** Your goal **
Write out the listing verbatim. No pictures belong in it.

::: Material supplied :::

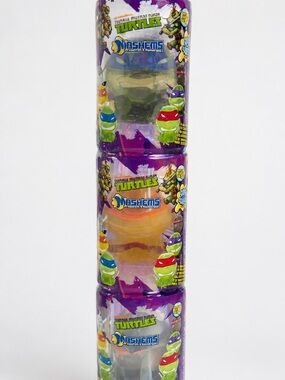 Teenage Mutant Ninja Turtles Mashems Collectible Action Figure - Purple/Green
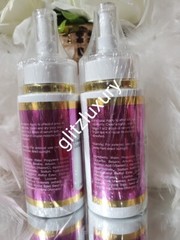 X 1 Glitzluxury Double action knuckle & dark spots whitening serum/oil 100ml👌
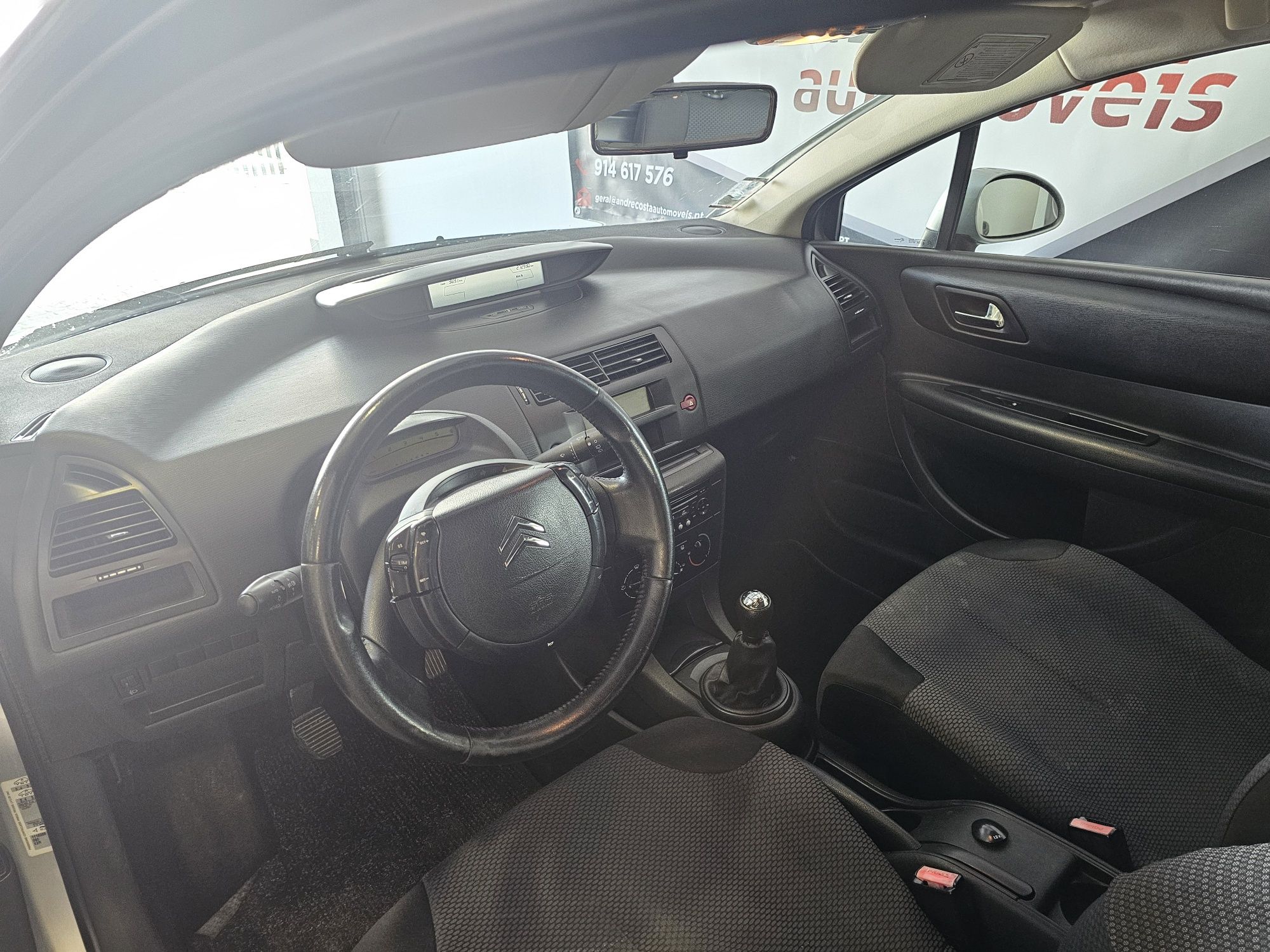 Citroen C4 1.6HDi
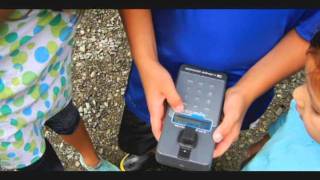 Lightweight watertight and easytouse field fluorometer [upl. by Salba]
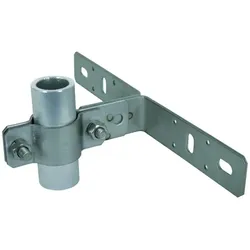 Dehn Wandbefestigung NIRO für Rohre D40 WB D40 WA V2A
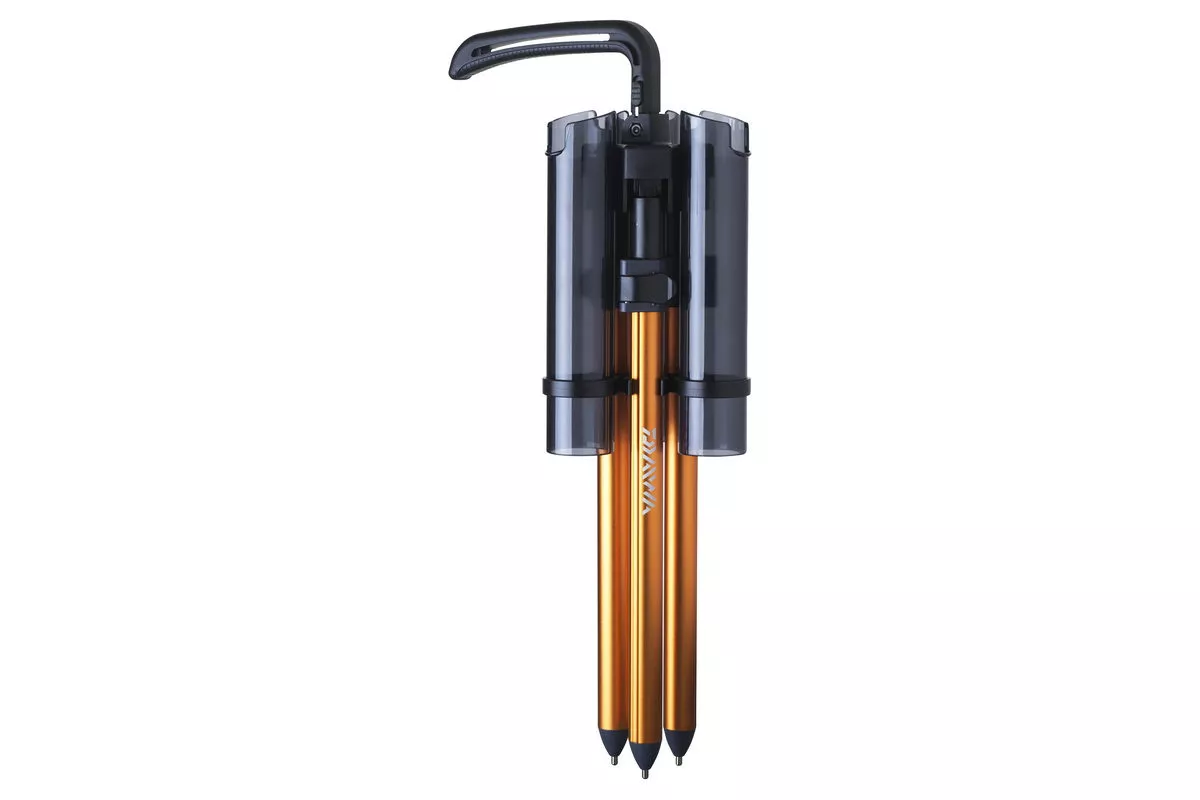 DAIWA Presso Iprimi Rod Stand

:::

** Answer area **
 Teenage Mutant Ninja Turtles Mashems Collectible Action Figure - Purple/Green
 X 1 Glitzluxury Double action knuckle & dark spots whitening serum/oil 100ml👌
 Citroen C4 1.6HDi
 Lightweight watertight and easytouse field fluorometer [upl. by Salba]
 Dehn Wandbefestigung NIRO für Rohre D40 WB D40 WA V2A
 DAIWA Presso Iprimi Rod Stand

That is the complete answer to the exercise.